I sometimes wonder how my life would have turned out if I hadn’t peeled the stickers off my board that night. If I hadn’t changed schools or earnestly scribbled my goals on a whiteboard with my mom. What if I hadn’t volunteered at Rainforest Action Network or gone to Yvon’s house on New Year’s eve all those years ago?
Before I went down to Yvon’s house my mom gave me a quote on a piece of paper to keep in my pocket. It’s by the poet Audre Lorde and I still have it till this day:
“When I dare to be powerful — to use my strength in the service of my vision — then it becomes less and less important whether I am afraid.”

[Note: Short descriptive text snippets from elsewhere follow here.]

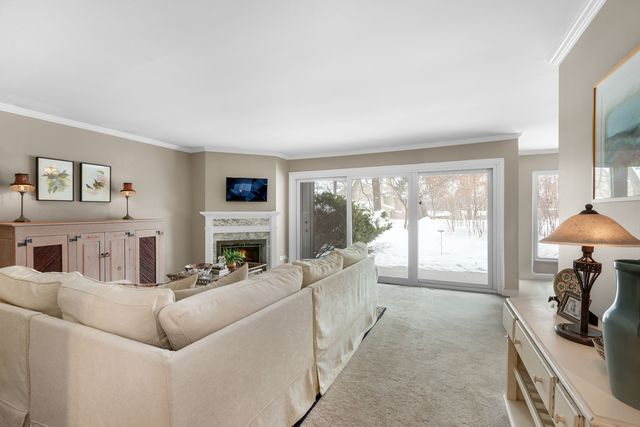 563 Woodview Road D, Lake Barrington, IL 60010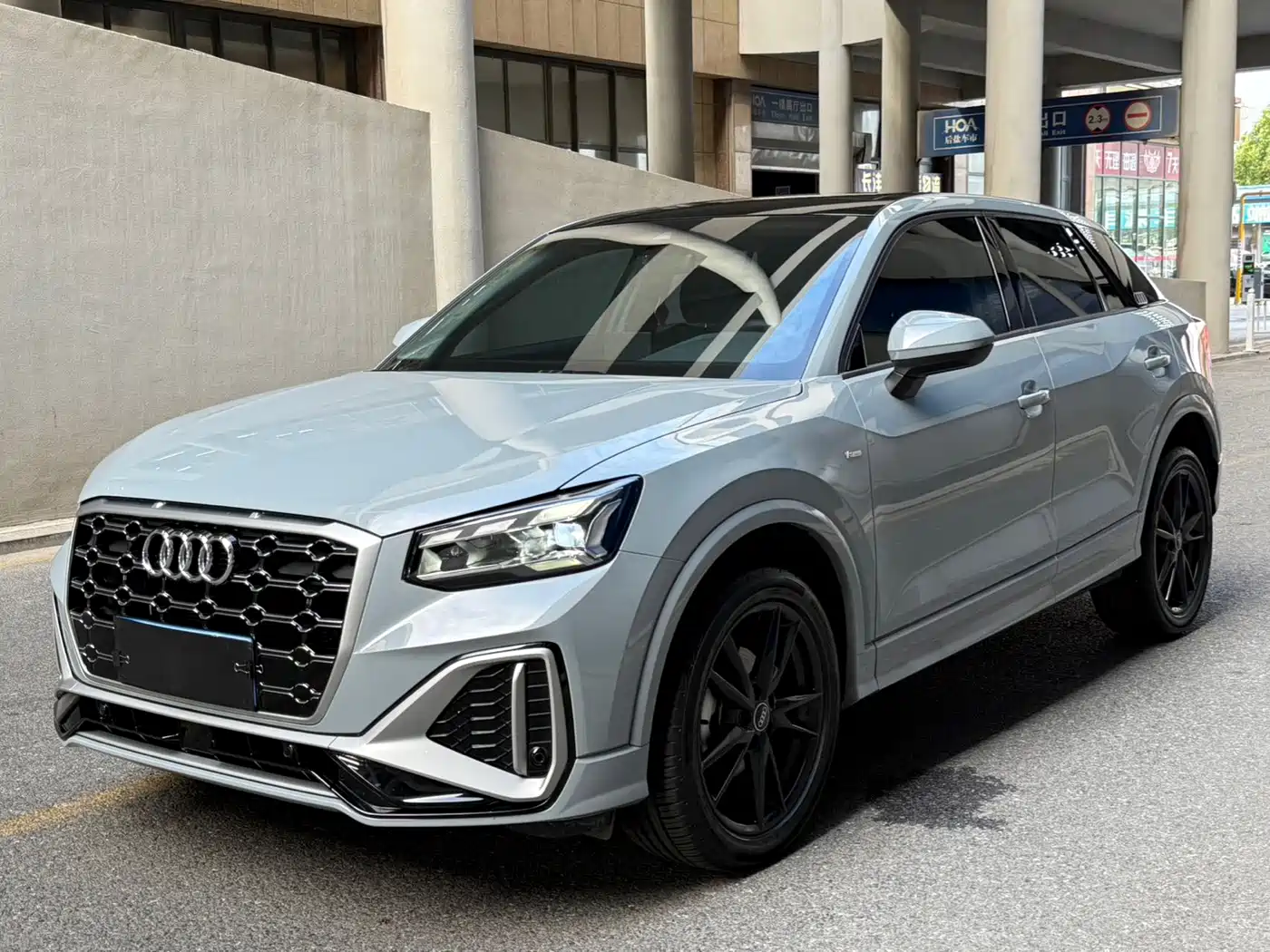 奥迪Q2L 2022款 35 TFSI 进取动感型 2022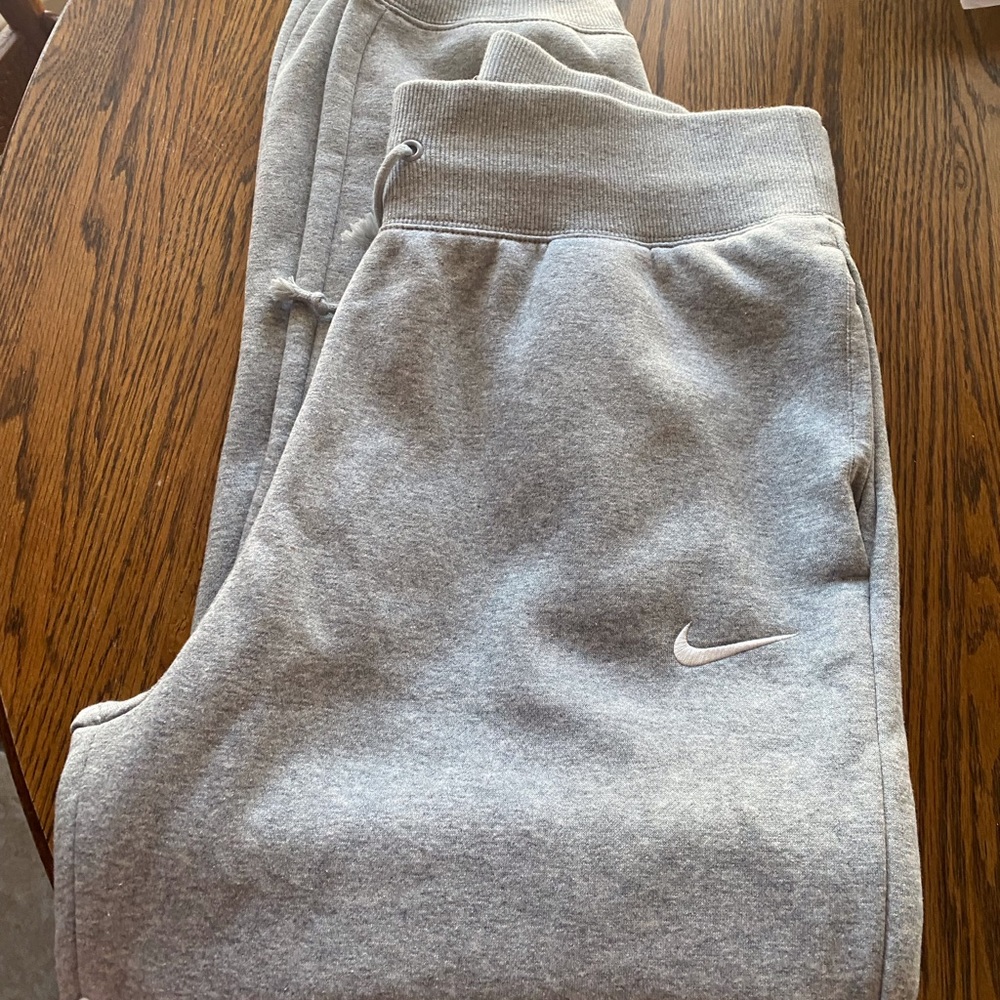 Nike woman’s sweatpants NWT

I believe that when we dream big, it hits a kind of cosmic note. I believe that the universe likes this melody and if you keep playing long enough, she will start leaving big tips. Too often, we make ourselves smaller than we really are because we’re afraid of coming across as egotistical or we don’t believe that we deserve success. But when we slouch our shoulders and mumble through life, the universe stops coming to our shows. And I’m not talking about fame or money or even being the center of attention. You can be totally behind the scenes while tuning into this cosmic melody. I also don’t think it’s about squinting your eyes really hard and “manifesting.” I think the easiest way to get the universe to support your work is by leaning into fear like you’re biking into a chilly headwind, and sending that fucking email.